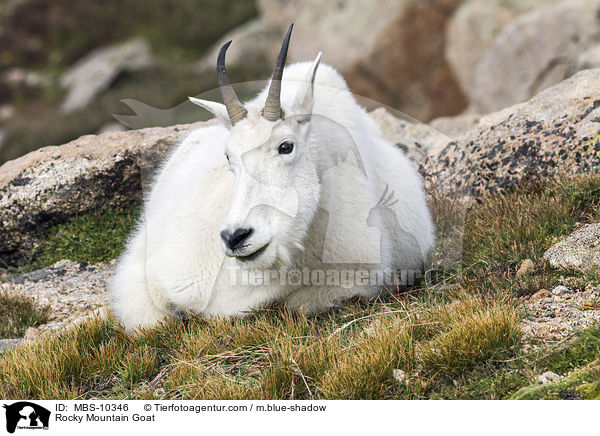Schneeziege / Rocky Mountain Goat / MBS-10346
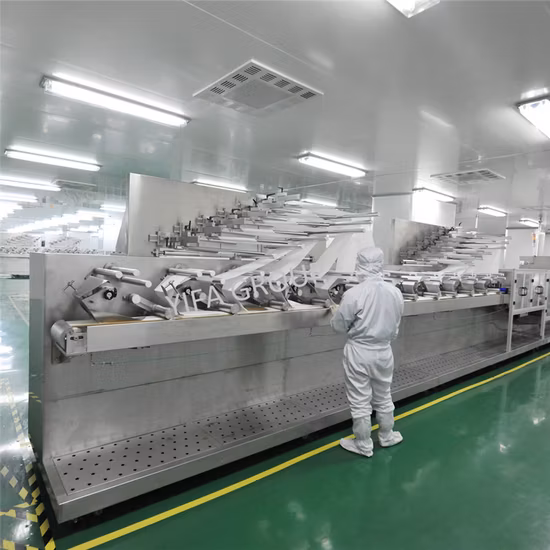 Palmlove の最高の無香料個別抗菌大人用水に流せるウェットワイプ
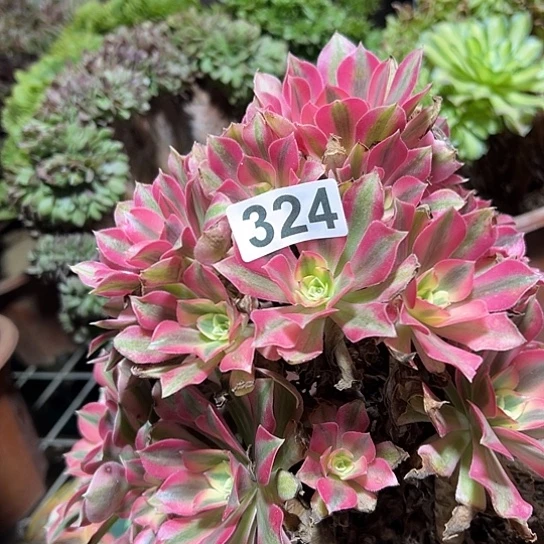 布****多肉植物一个女巫324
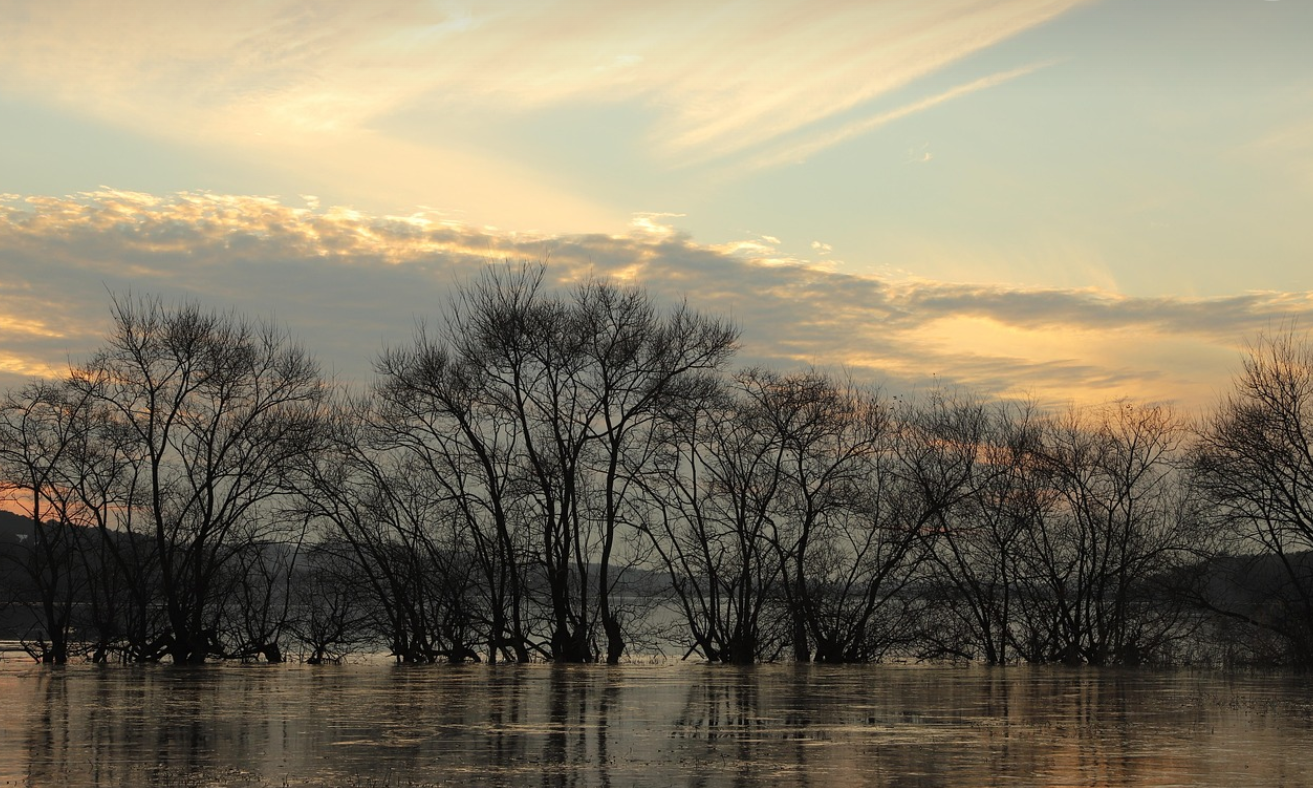 탑정호 둘레길 걷기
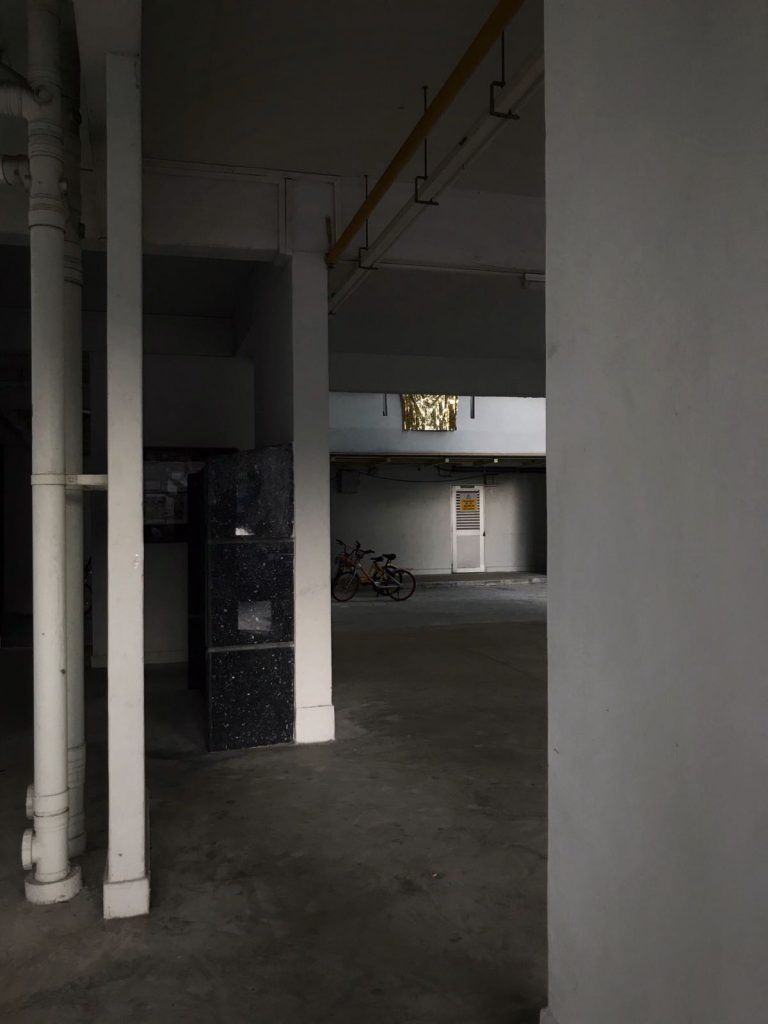 HDB scene with one of Priyageetha Dia's golden flags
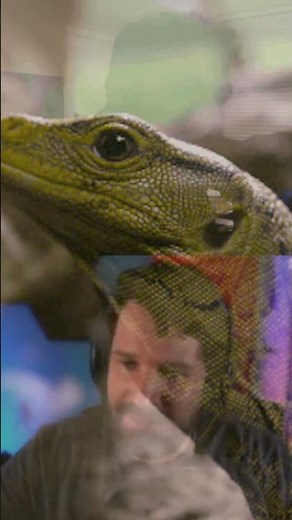 This is why Destiny doesn't talk to Haz anymore.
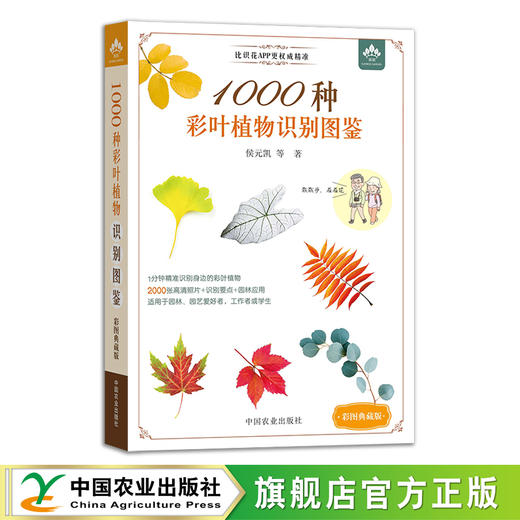 1000种彩叶植物识别图鉴（彩图典藏版）【一分钟精准识别身边的彩叶植物】 商品图0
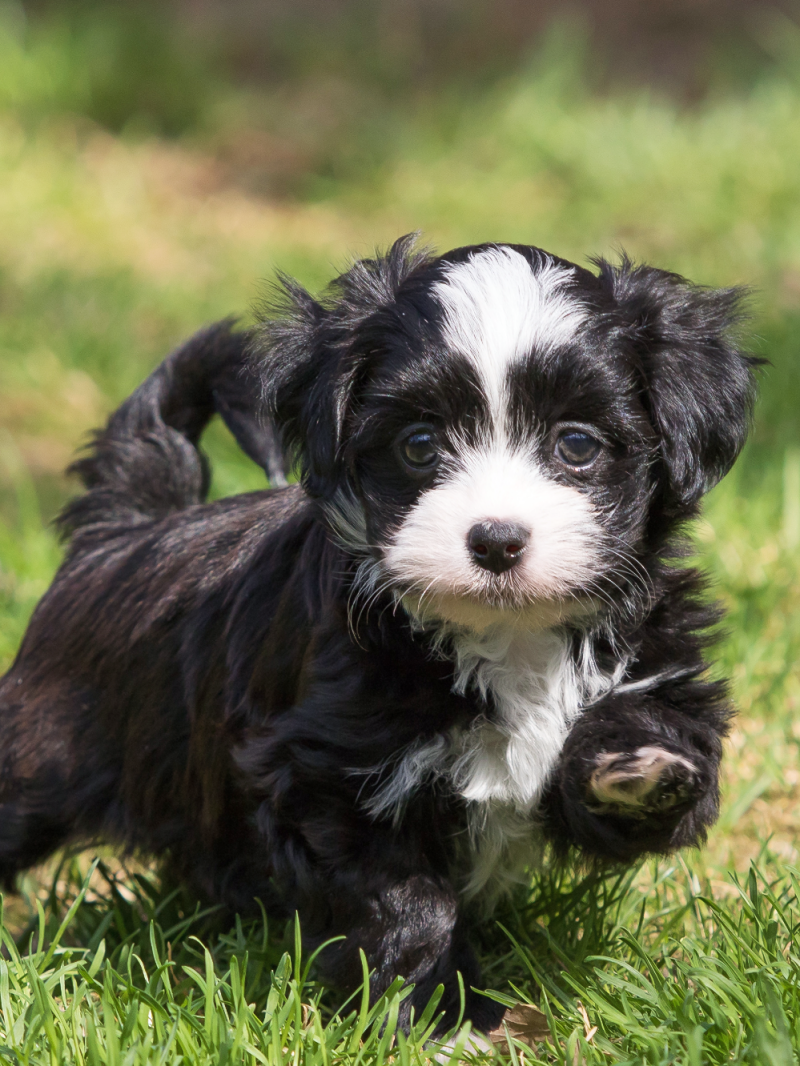 Havanese Dog | Diamond Painting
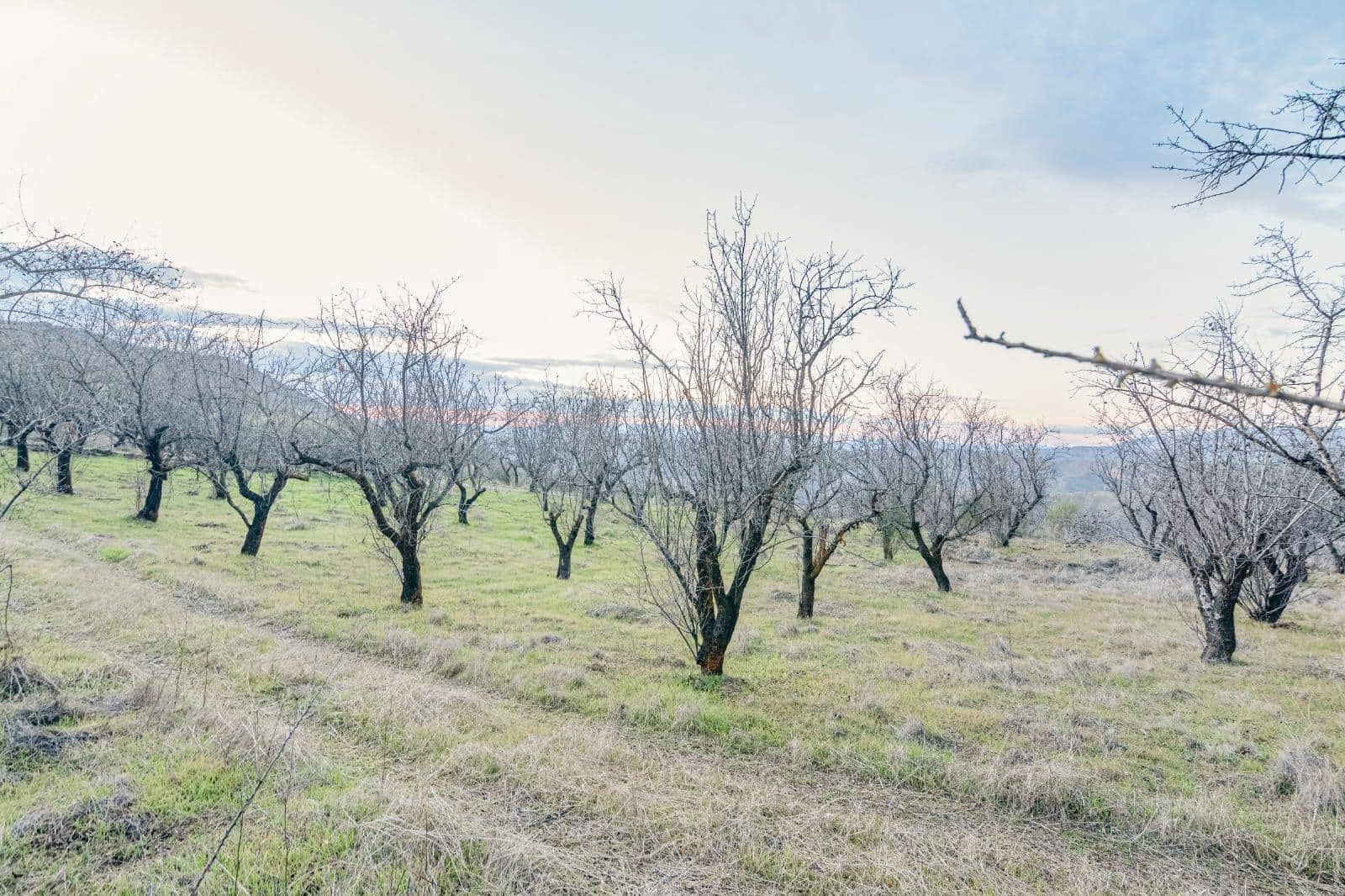 Undeveloped Land for sale in Pinos Genil - € 130,000 (Ref: 10014028)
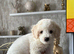 *REDUCED*READY TO LEAVE only 2 baby's left 1 boy and 1 girl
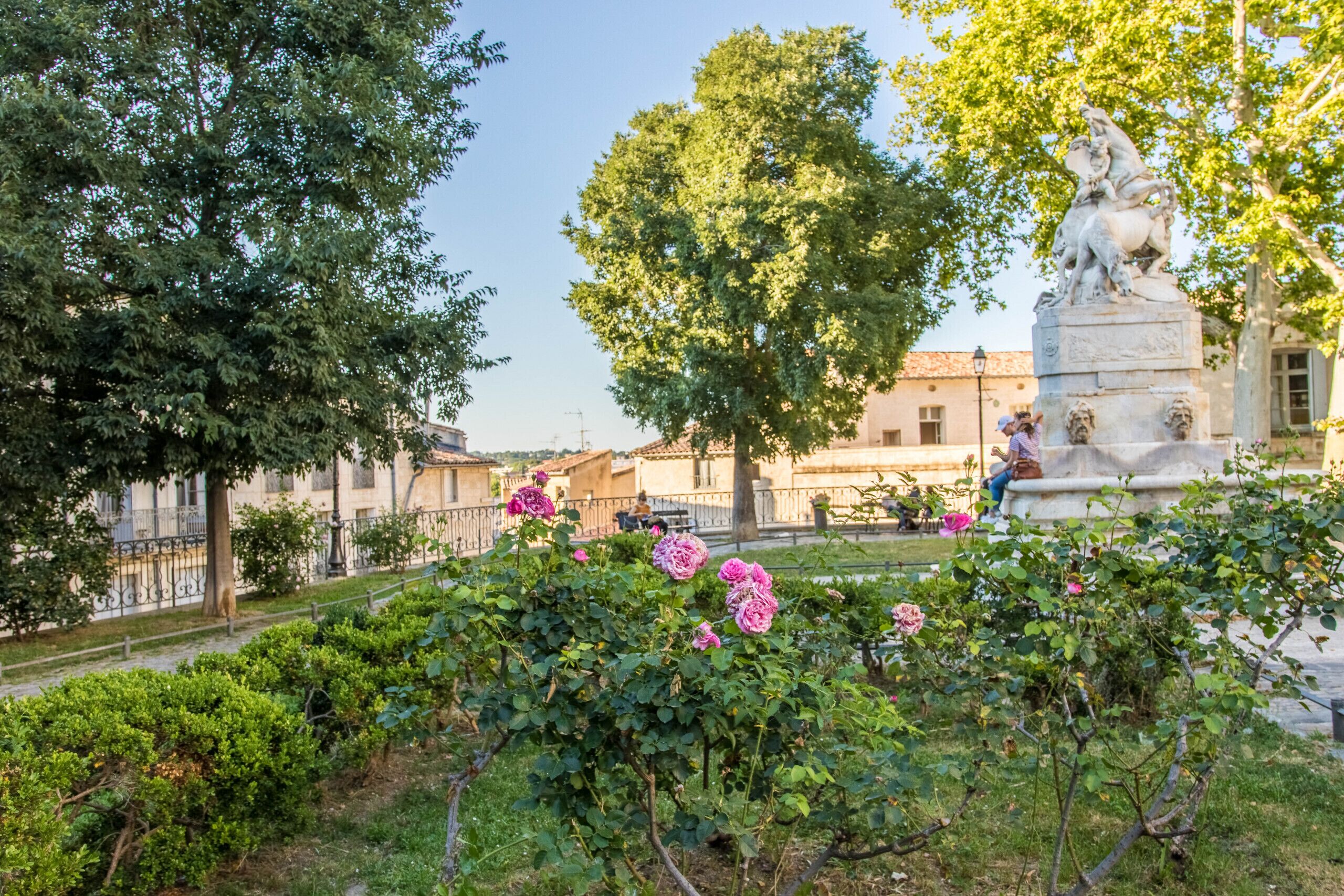 Terrain de l’hébergement 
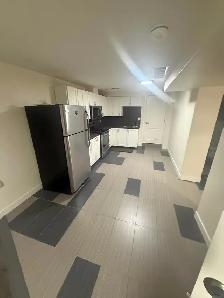 11337-93 St Basement Suite - Photo 3
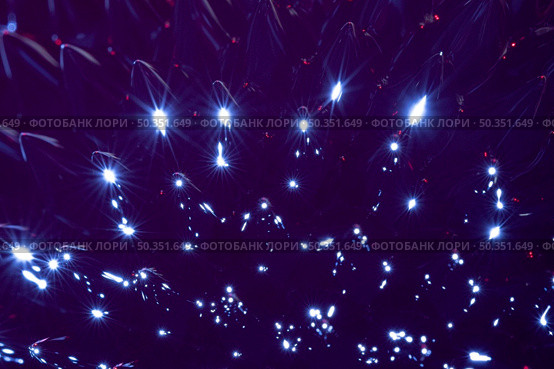 night blue extreme close up ferromagnetic metal. Стоковое фото, агентство Ingram Publishing / Фотобанк Лори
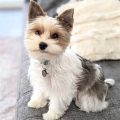 Parti Yorkie Puppy Cut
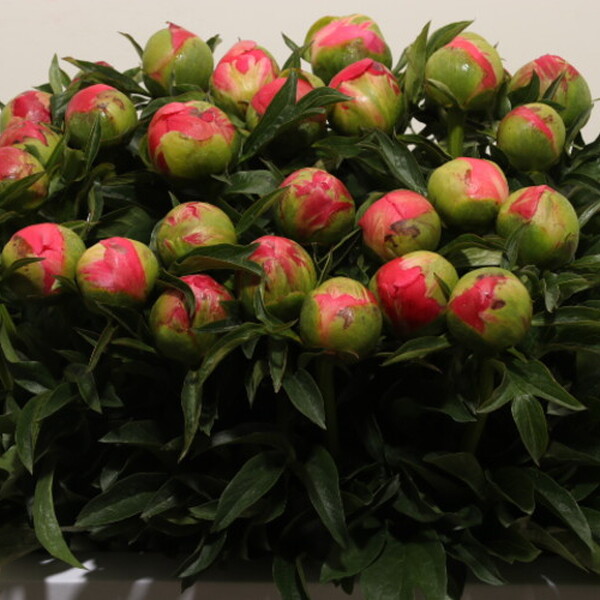 PEONIA *CORAL SUNSET* 60CM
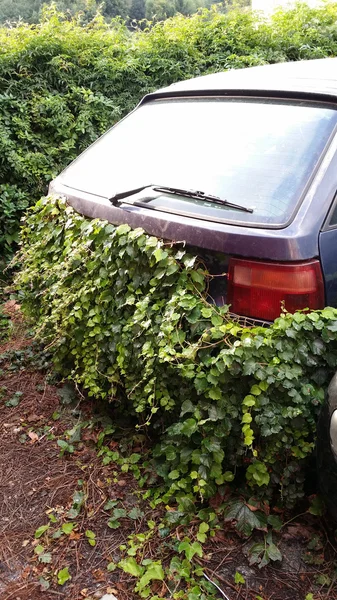 Abandoned car and assaulted by vegetation — Stock Photo, Image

● Directions for this task: For this exercise, transcribe the entries above exactly, without any pictures.

● Task solution:
Schneeziege / Rocky Mountain Goat / MBS-10346
 Palmlove の最高の無香料個別抗菌大人用水に流せるウェットワイプ
 布****多肉植物一个女巫324
 탑정호 둘레길 걷기
 HDB scene with one of Priyageetha Dia's golden flags
 This is why Destiny doesn't talk to Haz anymore.
 1000种彩叶植物识别图鉴（彩图典藏版）【一分钟精准识别身边的彩叶植物】 商品图0
 Havanese Dog | Diamond Painting
 Undeveloped Land for sale in Pinos Genil - € 130,000 (Ref: 10014028)
 *REDUCED*READY TO LEAVE only 2 baby's left 1 boy and 1 girl
 Terrain de l’hébergement 
 11337-93 St Basement Suite - Photo 3
 night blue extreme close up ferromagnetic metal. Стоковое фото, агентство Ingram Publishing / Фотобанк Лори
 Parti Yorkie Puppy Cut
 PEONIA *CORAL SUNSET* 60CM
 Abandoned car and assaulted by vegetation — Stock Photo, Image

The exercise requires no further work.